*Instructions to follow:*
Give back exactly the lines of the material below, starting with the line with "1357 6Th Avenue Nw, Moose Jaw, SK - Outdoor" and going on through the line with "ロンドンにあるLuxurious double roomのベッドルーム1室(ベッド1台、壁掛けテレビ付)".

*Records provided:*
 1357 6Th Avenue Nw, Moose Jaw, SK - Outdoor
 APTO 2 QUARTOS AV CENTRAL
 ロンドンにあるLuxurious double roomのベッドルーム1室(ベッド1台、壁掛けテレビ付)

...

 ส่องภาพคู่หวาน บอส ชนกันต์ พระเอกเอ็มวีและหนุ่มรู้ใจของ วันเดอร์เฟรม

---

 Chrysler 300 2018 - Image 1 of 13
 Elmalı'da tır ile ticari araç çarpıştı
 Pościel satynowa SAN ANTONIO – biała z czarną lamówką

*Answer below:*
 1357 6Th Avenue Nw, Moose Jaw, SK - Outdoor
 APTO 2 QUARTOS AV CENTRAL
 ロンドンにあるLuxurious double roomのベッドルーム1室(ベッド1台、壁掛けテレビ付)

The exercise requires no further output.